Many Republicans in Congress are jumping on this issue and decrying it as an impingement on the First Amendment right to religious liberty. Such accusations only add to the already loud conservative chorus on Obama’s apparent ‘War on Religion.’ In a country where many Americans still believe the president to be a Muslim (which is apparently a negative trait), this new addition to the culture war could well hurt the president’s chances of winning in November. The US Conference of Catholic Bishops, the serious and mostly non-political opponents to the plan, have listed a primary objection to the legislation; it includes a “nationwide mandate of insurance coverage of sterilization and contraception, including some abortifacients.” The administration argues that this policy is the result of a compromise attempting to reach a balance between religious liberty (churches are exempt from the legislation) and providing women with quality affordable coverage for all their healthcare needs.

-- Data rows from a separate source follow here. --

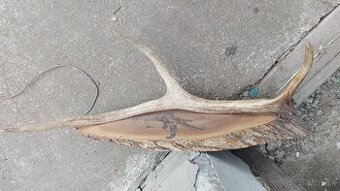 Dekoračné parohy na dreve – ručne vyrobený originál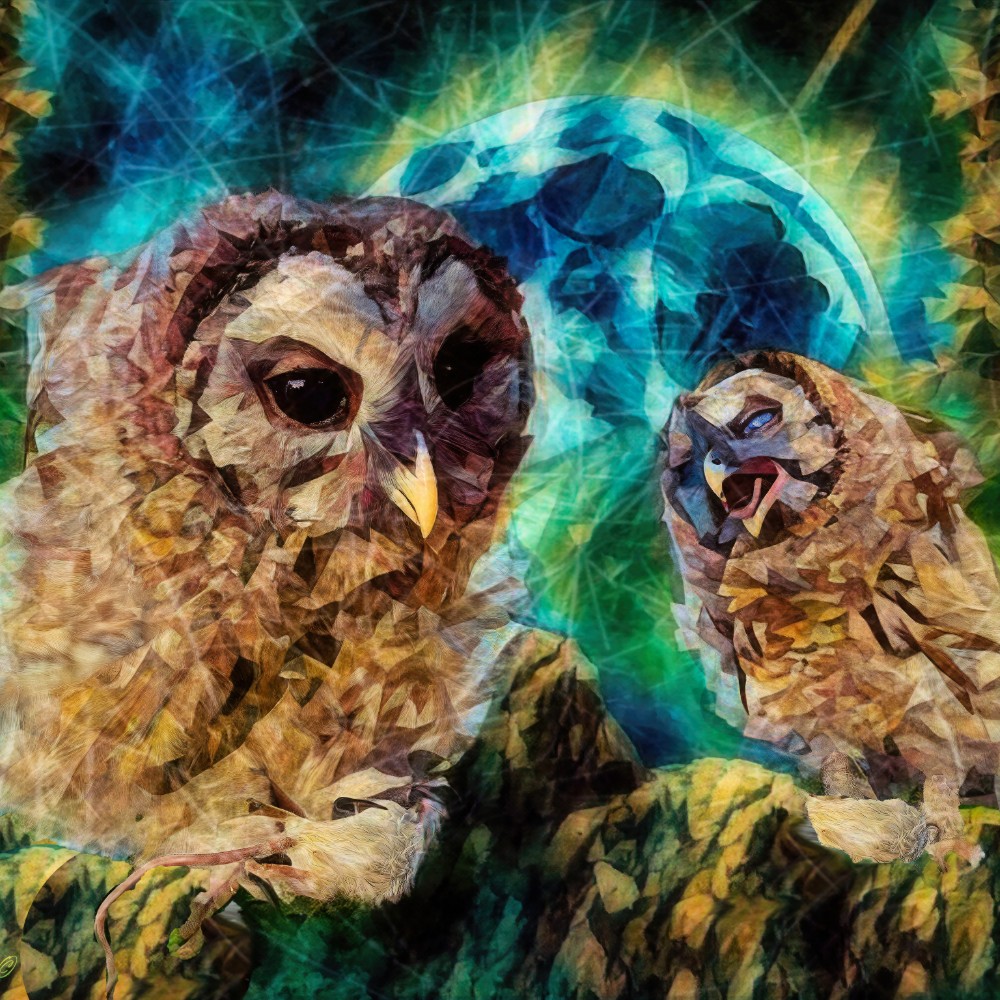 Kianna’s Owls — James Baxter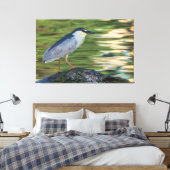 Zwart gekroond Night Heron Portret Canvas Afdruk (Insitu (Slaapkamer))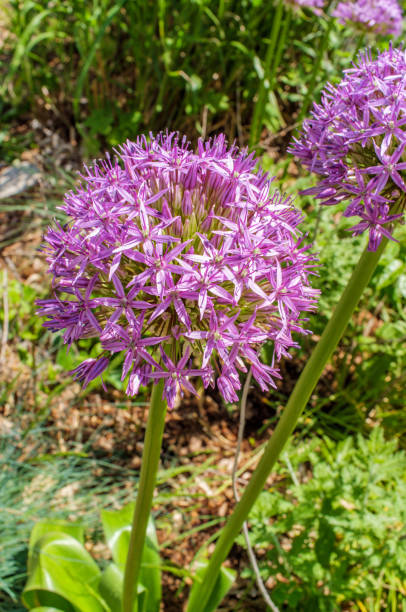 istock Gladiator Ornamental Onion Flowers 1265106446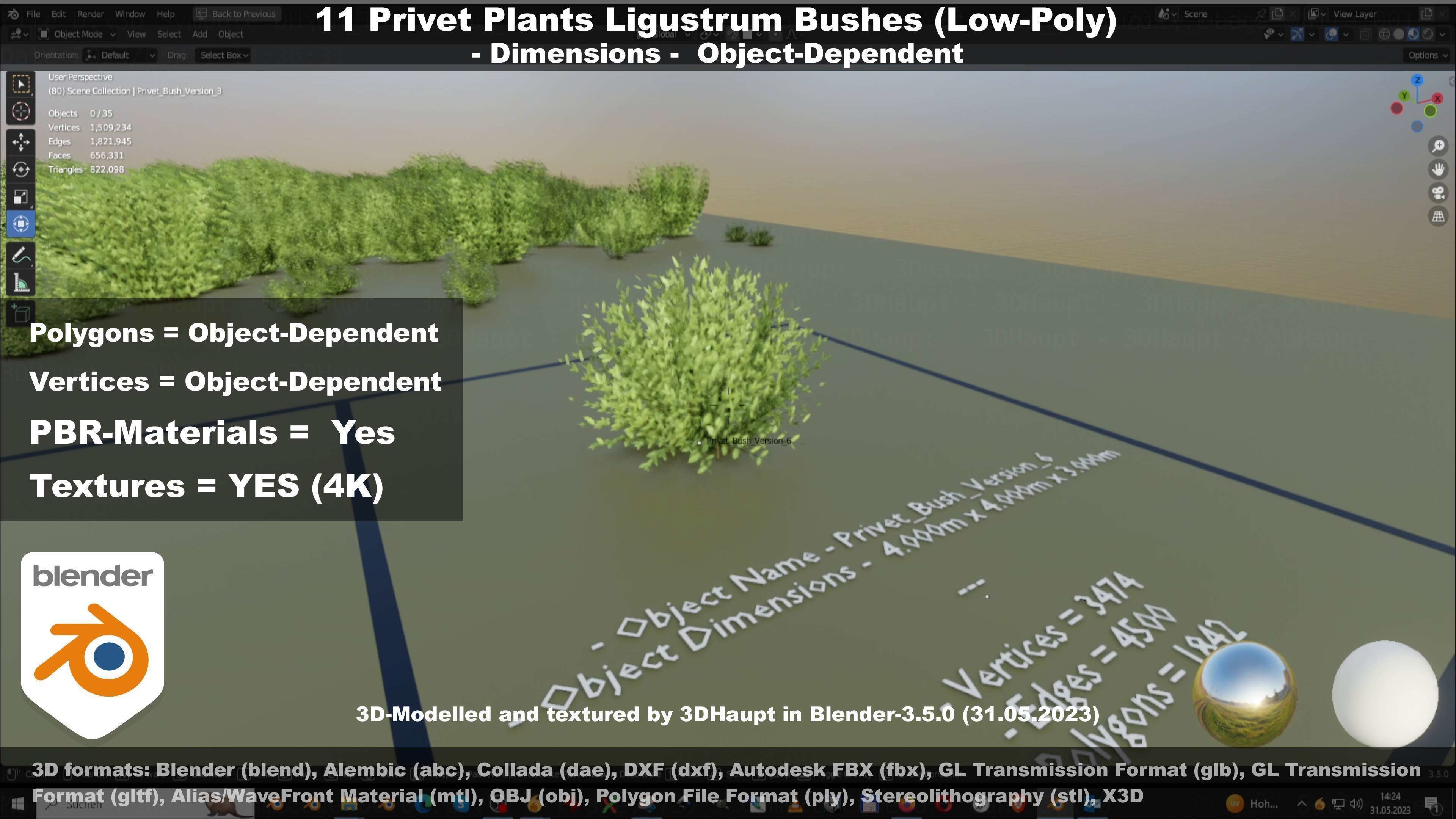 11 Privet Plants Ligustrum Low-poly 3D model_41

Fortunately for the president, most Catholics use contraceptives regularly and a recent poll shows that only 34% of Catholics oppose the new laws. Whether or not the Bishops will be able to persuade their congregations that such legislation is wrong, remains to be seen. Democrats (including Roman Catholics) have taken the view that the Church is overreacting and that the law does not interfere with the First Amendment. Regardless of how this argument continues, the decisions will ultimately be made by the courts (not just on this one section of the legislation) but on the entire Affordable Care Act, as the “individual mandate’s” (the government forcing employers and individuals to buy health insurance) constitutionality has been rejected by several Federal courts and is currently on its way to the Supreme Court. If rejected, the decision could have huge repercussions on Obama’s electability (the health care law is his primary legislative achievement). For now the Conference of Catholic Bishops will continue to grumble, and the culture wars will continue.